Le bémol : Ce sont des avancées, mais essentiellement symboliques, regrettent certains avocats. Par ailleurs, les discussions autour de ces dispositions ont une fois de plus montré l’opposition radicale que suscite du côté de la magistrature la protection du secret en matière de conseil, et ça, ce n’est pas une bonne nouvelle pour la profession.
Le jugement des crimes
L’objectif : La loi du 23 mars 2019 a lancé l’expérimentation pour trois ans des cours criminelles départementales. Il s’agit de juridictions composées de cinq magistrats professionnels et voués à juger certains crimes à la place des cours d’assises. D’après la Chancellerie, les premières remontées sont si concluantes, qu’elle a décidé, n’ayant que ce texte pour porter la réforme, de l’inscrire dans le marbre bien avant la fin d’une expérimentation par ailleurs perturbée par la crise sanitaire. En réalité, cette précipitation est due à la volonté de réduire les délais d’audiencement en matière criminelle, lesquels sont compris actuellement entre treize mois et trois ans. Par ailleurs, il s’agit de faire des économies. Selon la Direction des affaires criminelles et des grâces, le coût moyen d’un jour d’assises est de 2060 €, quand celui d’un jour de cour criminelle est de…. 1100 € (rapport Getti, page 23).

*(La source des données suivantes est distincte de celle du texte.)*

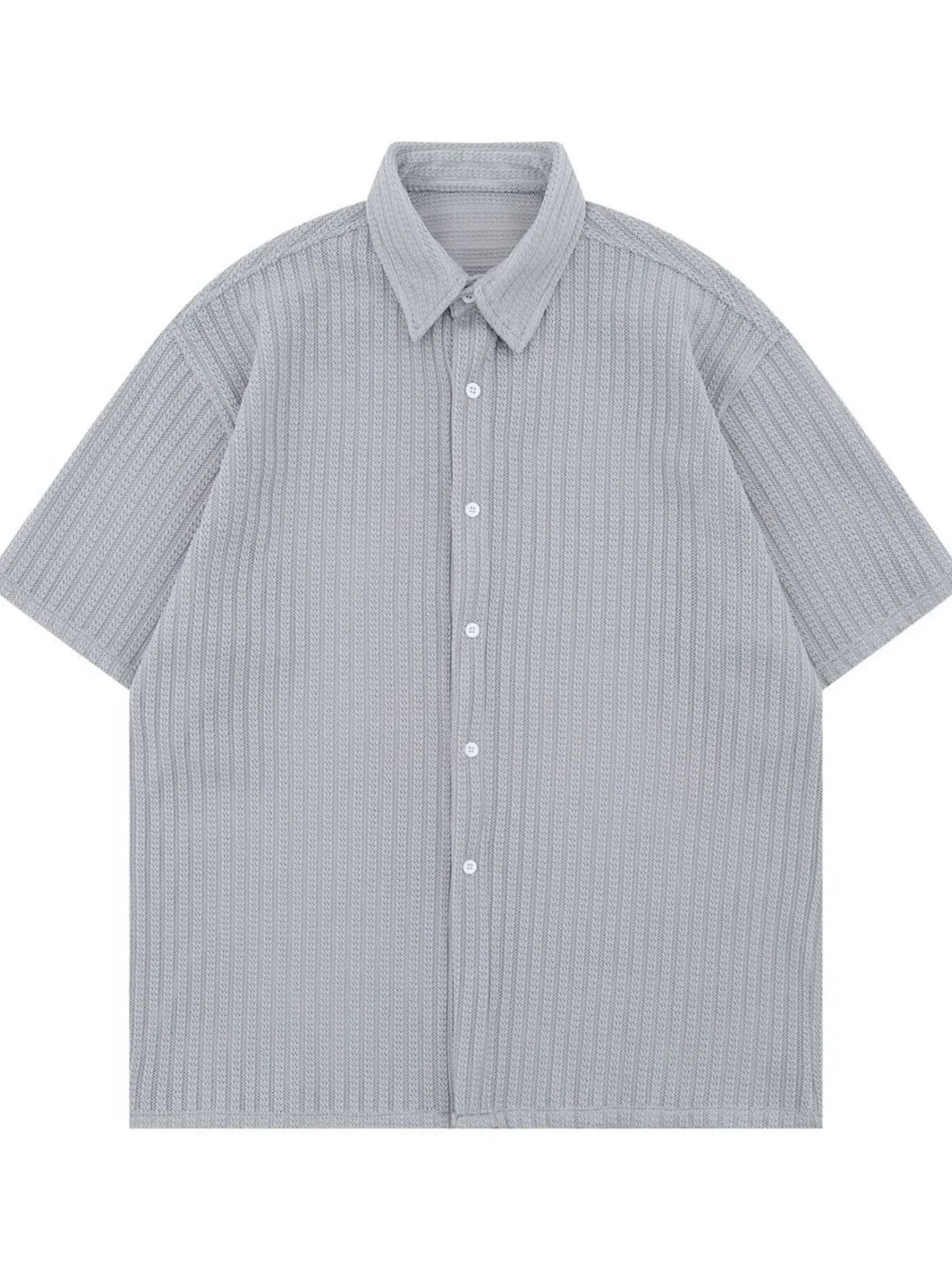Men's Oversized Short Sleeve Textured Shirt Grey / S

Qui sera jugé par ces nouvelles cours criminelles ? Les auteurs de crimes encourant 15 à 20 ans de prison. Selon la Chancellerie, les 2/3 sont des crimes sexuels. Il s’agit donc de permettre de les juger plus vite en évitant leur correctionnalisation, c’est-à-dire le choix d’une qualification moins grave des faits poursuivis pour permettre un examen plus rapide devant un tribunal correctionnel. Combien juge-t-on d’affaires aux assises par an ? En 2018 selon les chiffres de la Chancellerie : 2932 décisions d’assises ont été rendues dont 1646 condamnations parmi lesquelles on dénombrait 797 viols.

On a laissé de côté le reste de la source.